En el acto V los críticos habían reconocido que Hamlet no es el joven paralizado por la sensibilidad, sino un auténtico exterminador. Hay, pues, tres Hamlets en la tragedia de Shakespeare: el primero, anterior a la aparición del espíritu, está oprimido por la muerte de su padre y visceralmente avergonzado de la inconstancia de su madre. A partir de la revelación recibida en la escena quinta del acto I, Hamlet se apresura a descubrir si la visión merece crédito; se embarca en lo que llamaban los escritores espirituales la discreción de espíritus. La doctrina cristiana exigía respeto al rey, y si Hamlet, engañado por el demonio o por su propia melancolía hubiera matado a su tío, rey legítimo, habría cometido el doble pecado de regicidio y parricidio y se hubiera convertido en tirano y usurpador, como su tío lo era de hecho. El príncipe sigue la doctrina de san Pablo: «Si alguno os predicase un evangelio distinto del que yo os he predicado, sea maldito» (Gálatas, I, 8-9). Por eso emplea las artes de la «santa Inquisición española» para conocer por medios naturales lo revelado por el espíritu sobrenatural. Durante todo el drama Horacio ha sido el amigo de plena confianza del príncipe. Al principio se presenta como «siervo», pero Hamlet le llama «querido amigo», recordando la frase de Jesús: «No os he llamado siervos sino amigos» (Juan, 15, 15-16). El príncipe admira a Horacio porque encarna el perfecto equilibrio de la razón y los impulsos espontáneos. Uno de los términos más significativos de la obra es «conciencia», sinónimo de comportamiento racional. Hasta el momento en que respeta la vida de su tío por odio, Hamlet se acomoda siempre a la razón y esa conducta le produce la sospecha de si en el fondo es cobarde, pero él no puede desviarse hacia la pasión: «Así la conciencia nos hace a todos cobardes» (III.1.83). Cuando aparece Fortinbras dispuesto a conquistar un trozo de terreno en el que quizá no quepan los cuerpos de los soldados que van a morir, reacciona con cierta envidia ante el valor del joven soldado, pero, de nuevo, él no puede sucumbir a la pasión. La pretendida indecisión de Hamlet es el sacrificio que él mismo se impone por seguir el dictado de la razón («la conciencia»).

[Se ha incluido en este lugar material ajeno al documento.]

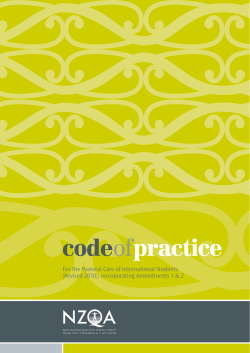 Code of Practice of Pastoral Care for International Students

La admiración por el equilibrio de Horacio y la inserción de su amistad en la atmósfera del Evangelio, explican que al final del drama Hamlet le pida no sacrificarse con él, sino quedarse en este mundo «para contar mi historia» (V.2.360). El príncipe convierte al discípulo amado en su evangelista. El escritor Shakespeare reconoce en Horacio al escritor como un nuevo estamento social, una nueva fuerza histórica en cuyas manos está darles a los grandes de este mundo un nombre limpio o vulnerado.